ABOUT THIS TASK ::
Write out exactly, excluding pictures, the lines from the one containing "Shep's Thalmor Armor" through the end of the data, both included.

★ ★ ★ ★ ★

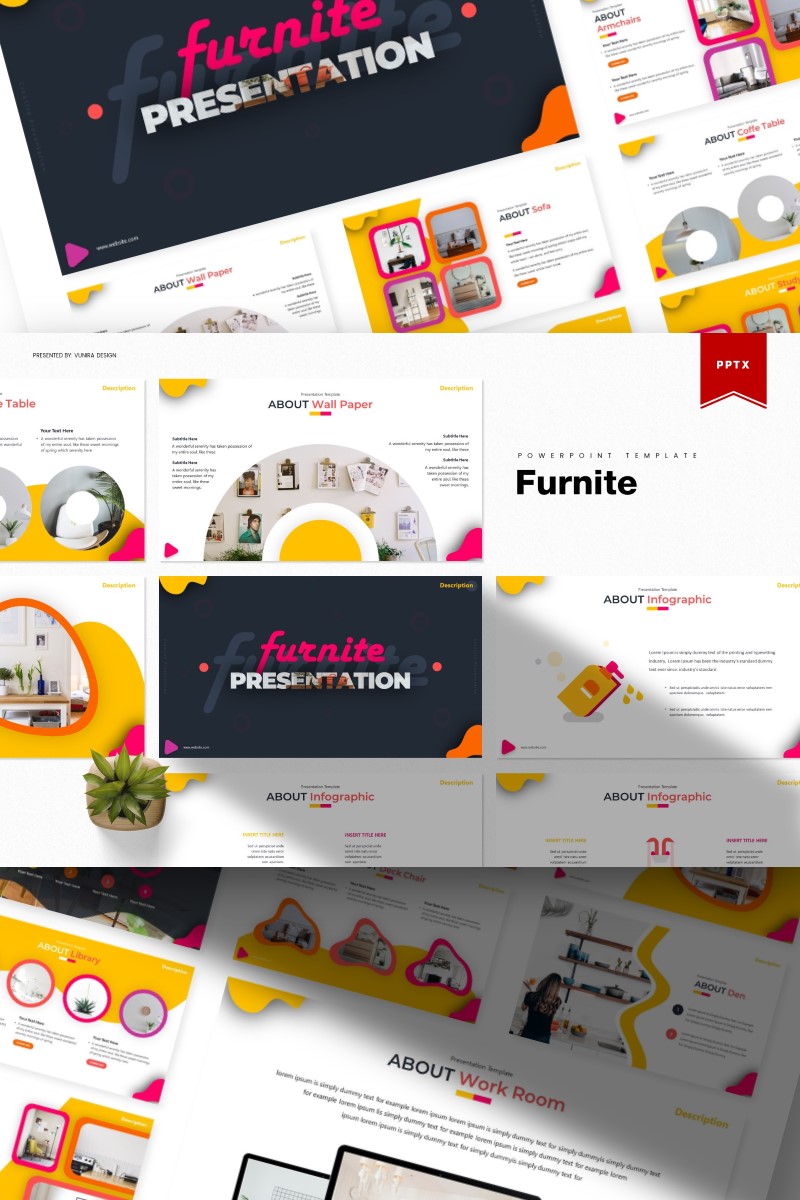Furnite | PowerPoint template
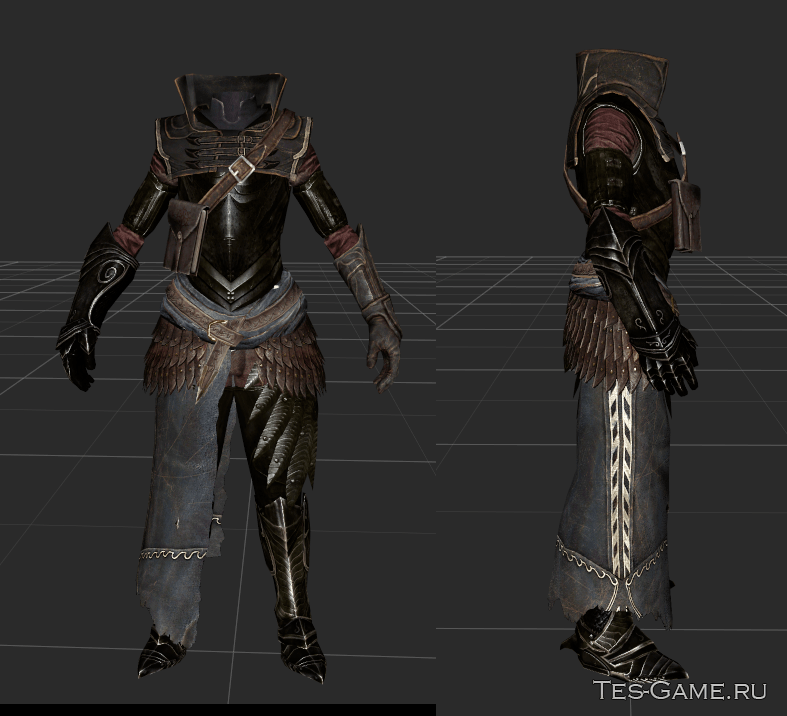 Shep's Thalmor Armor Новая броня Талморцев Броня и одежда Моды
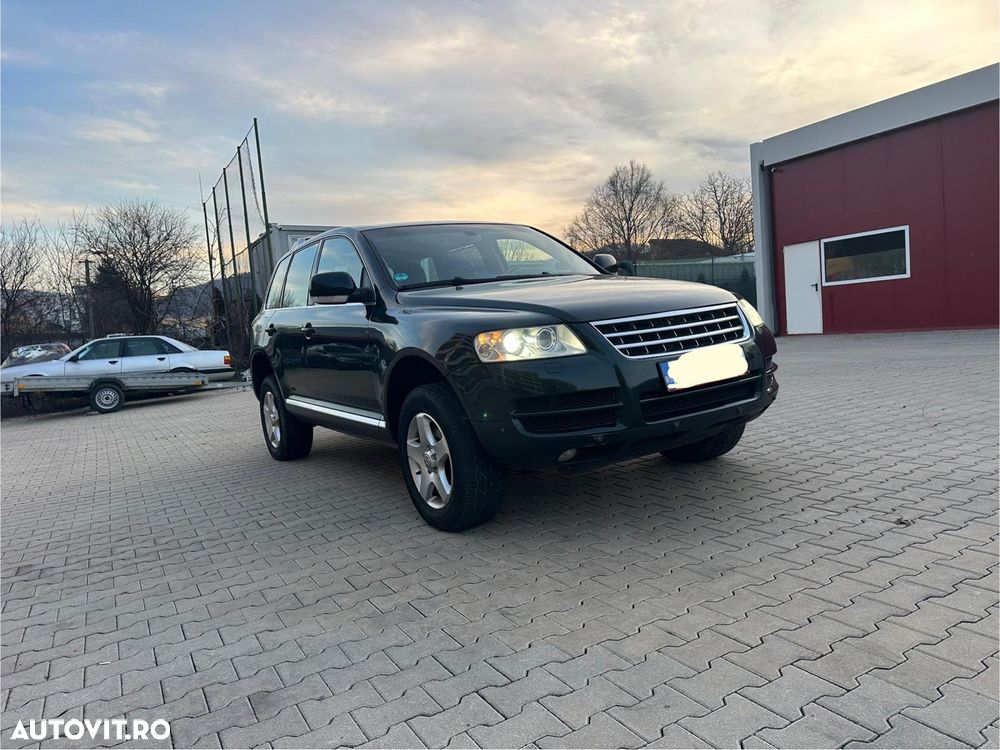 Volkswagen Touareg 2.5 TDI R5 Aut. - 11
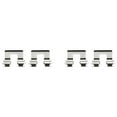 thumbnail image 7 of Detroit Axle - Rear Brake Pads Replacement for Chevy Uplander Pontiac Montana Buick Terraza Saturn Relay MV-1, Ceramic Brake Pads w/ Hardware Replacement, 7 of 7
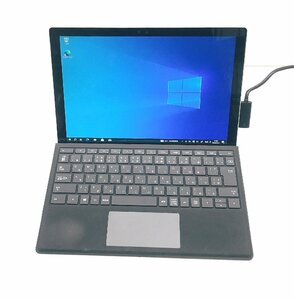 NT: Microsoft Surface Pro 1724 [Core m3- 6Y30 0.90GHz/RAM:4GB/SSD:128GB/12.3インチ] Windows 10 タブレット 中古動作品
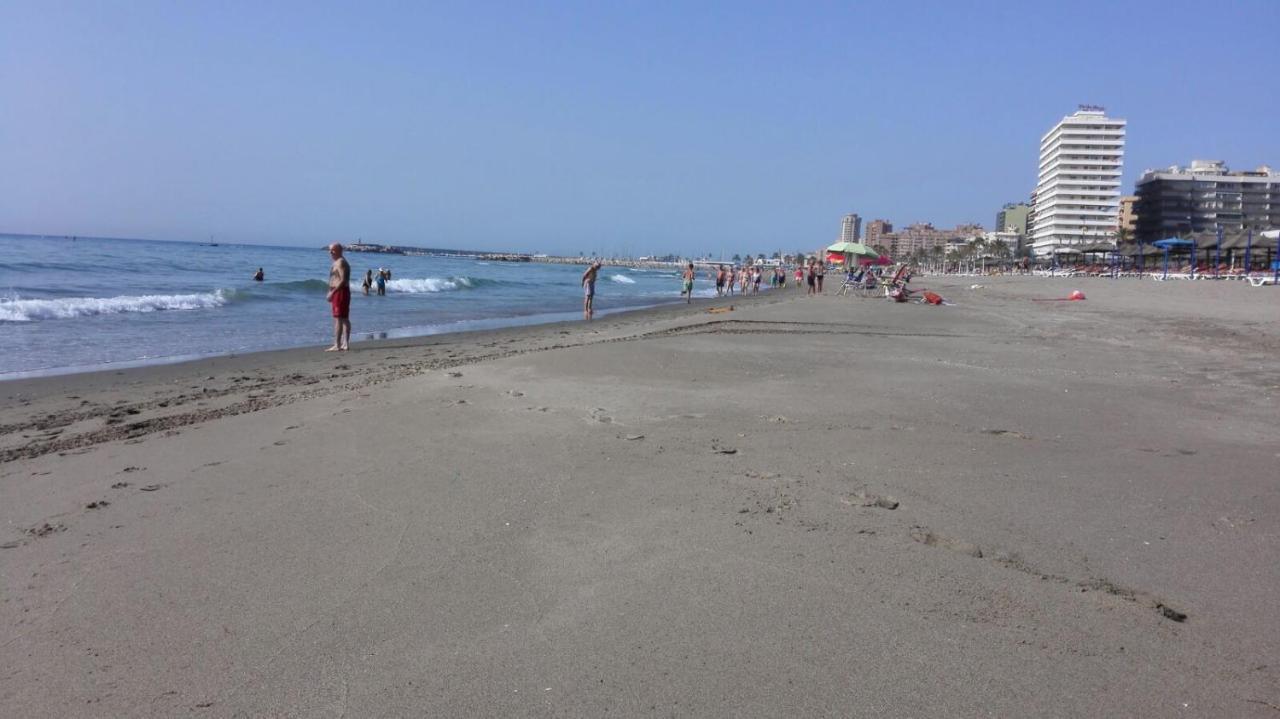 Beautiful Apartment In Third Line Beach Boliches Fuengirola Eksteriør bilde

★ ★ ★ ★ ★

RESPONSE AREA ::
 Shep's Thalmor Armor Новая броня Талморцев Броня и одежда Моды
 Volkswagen Touareg 2.5 TDI R5 Aut. - 11
 thumbnail image 7 of Detroit Axle - Rear Brake Pads Replacement for Chevy Uplander Pontiac Montana Buick Terraza Saturn Relay MV-1, Ceramic Brake Pads w/ Hardware Replacement, 7 of 7
 NT: Microsoft Surface Pro 1724 [Core m3- 6Y30 0.90GHz/RAM:4GB/SSD:128GB/12.3インチ] Windows 10 タブレット 中古動作品
 Beautiful Apartment In Third Line Beach Boliches Fuengirola Eksteriør bilde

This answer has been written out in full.